This report looks at the role of workplace design in reviving company productivity as organisations in every sector and at every scale look to develop new strategies to meet the evolving conditions arising from the impact of COVID-19. It takes a ‘deep dive’ into the design factors that will shape the new landscape for work, and at the design processes that will enact change.
This paper examines the relationship between workplace design and productivity, which has a long and rich history, and proposes a new classification framework for designing. Why this focus on design, and why now?
Area has been exploring the parameters of organisational productivity in a series of research reports, in partnership with WORKTECH Academy. We believe there has never been a better time to talk about what and how we design, because it will be vital to company performance in the coming era.
In 2018, as part of our productivity series, we conducted a global survey with 120 organisations around the world which identified four key factors that contributed to company performance: leadership, wellbeing, technology and environment. In 2019, we took the most highly rated factor – leadership – and looked at how design could support different leadership styles. And in 2020, as the global pandemic started to take its toll on mental health, our subject was wellbeing. With the help of experts, we charted how a new peoplecentred agenda was emerging around health and wellness.
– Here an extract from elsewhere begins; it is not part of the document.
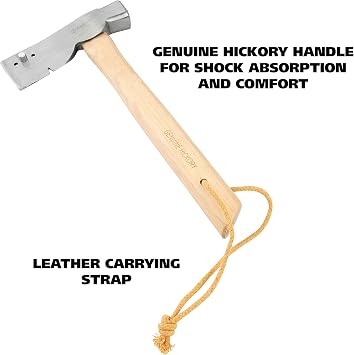 GreatNeck SHR14 Roofing Hatchet, 20 Oz. Hatchet Hammer for Installing Roofing Shingles, Drop Forged Steel Head, Genuine Hickory Handle, Roofing Tools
In 2021, with a return of the office underway as part of a hybrid future of work, we decided to focus on the design of the work environment itself. There are key reasons for this. We noticed that the global conversation around the post COVID-19 workplace was heavily weighted towards what needed to happen in the areas of technology and management, whereas design was relatively under-represented in the debate.
We observed that in a time of growing uncertainty and complexity around the future role of the office space, clients needed more guidance and clarity around how design decisions could lead to desired organisational outcomes.
People and technology are both essential to the future of work, but so too is place. Design of the environment makes strategy visible. Now more than ever, designers and their clients and collaborators need a shared language and a shared set of vectors on the map. The design framework at the heart of this report is our contribution to the debate. We hope you will join the dialogue.